Data segment:
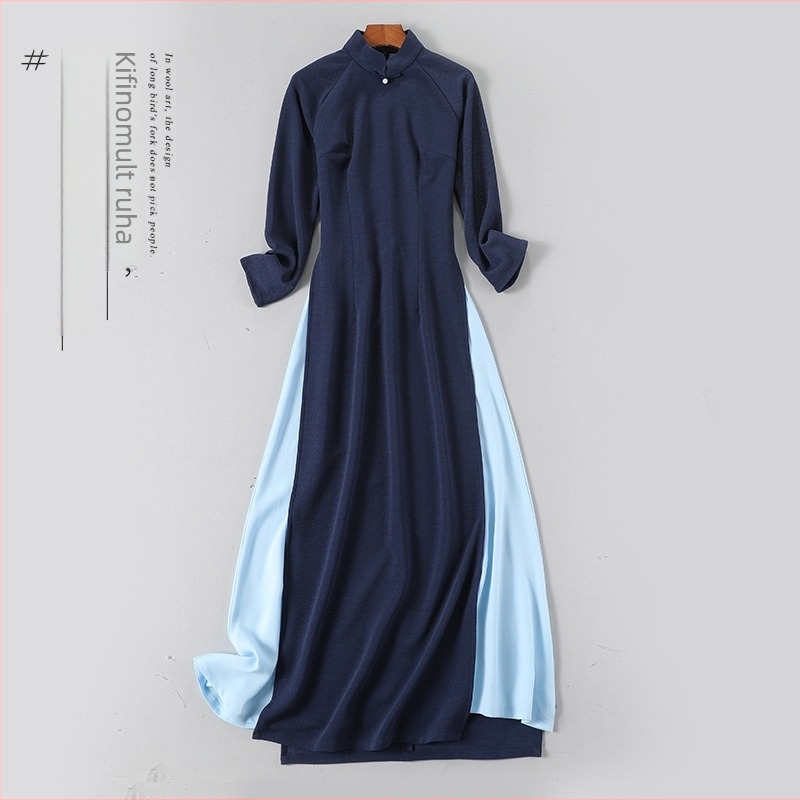 Kínai stílusú tea-dress retro Zen esztétikával, továbbfejlesztett dizájn, tündérsziluett, vastag verzió (anyag: pamut-keverék; fő anyag: poliészter; gallér nélkül; színpadi viselet; 2023 tavasz)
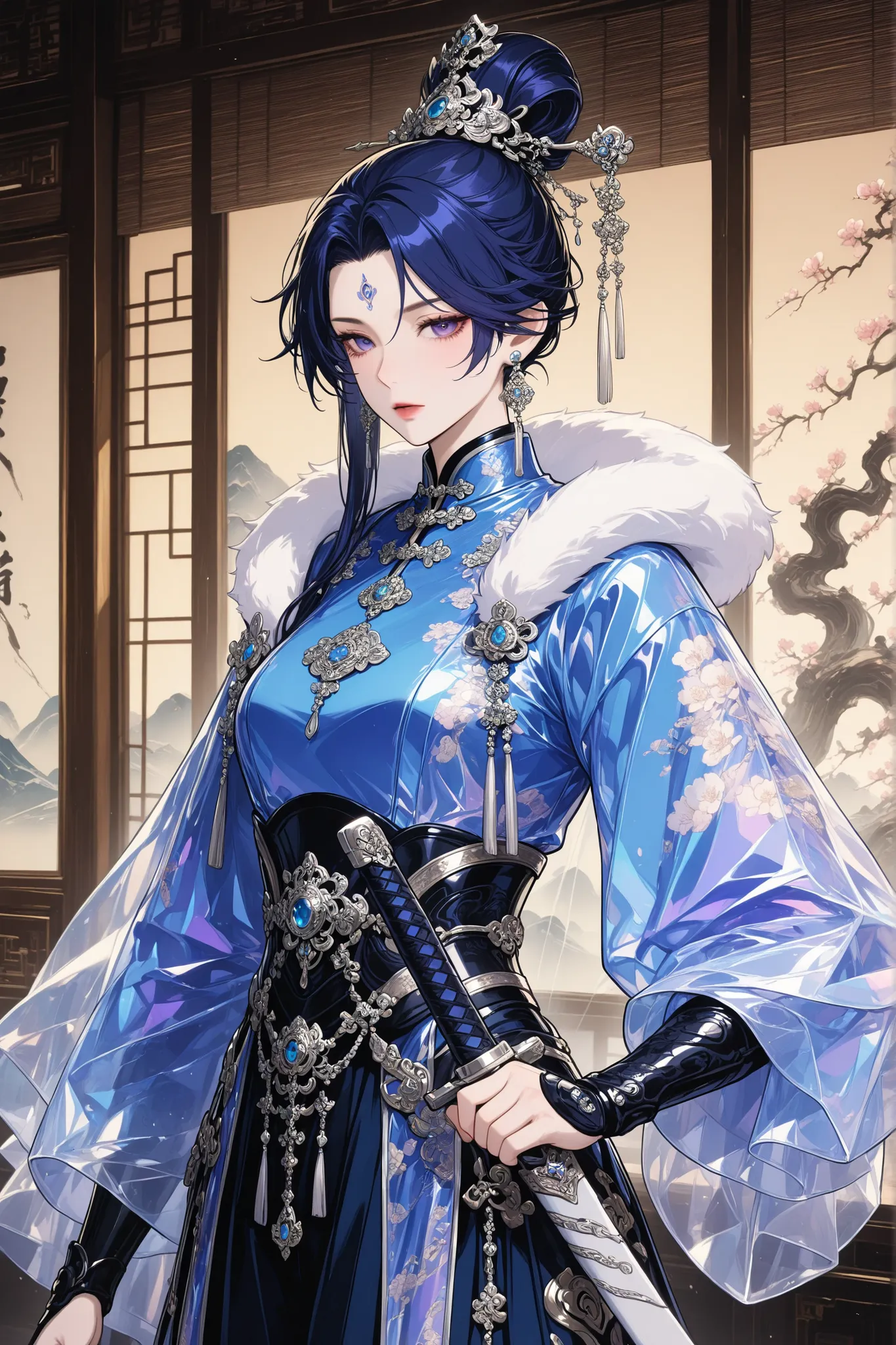 Chinese opera，has a sword at the waist，Swordsman style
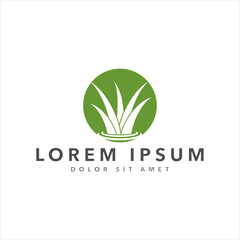 grass vector logo design template


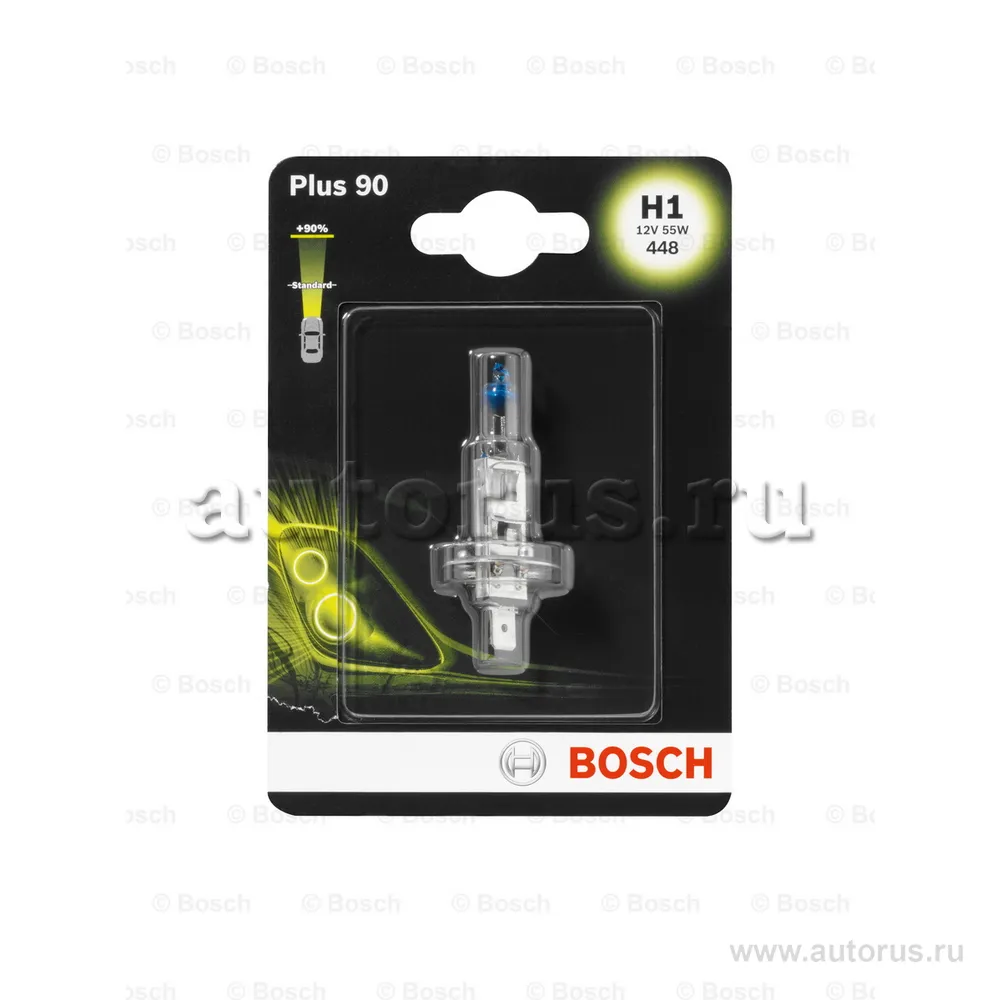 Лампа 12V H1 55W +90% BOSCH PLUS 90 1 шт. блистер 1 987 301 076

Aim of the task:
Leave the pictures out and restate the listing word for word.

Completed task:
 Kínai stílusú tea-dress retro Zen esztétikával, továbbfejlesztett dizájn, tündérsziluett, vastag verzió (anyag: pamut-keverék; fő anyag: poliészter; gallér nélkül; színpadi viselet; 2023 tavasz)
 Chinese opera，has a sword at the waist，Swordsman style
 grass vector logo design template


 Лампа 12V H1 55W +90% BOSCH PLUS 90 1 шт. блистер 1 987 301 076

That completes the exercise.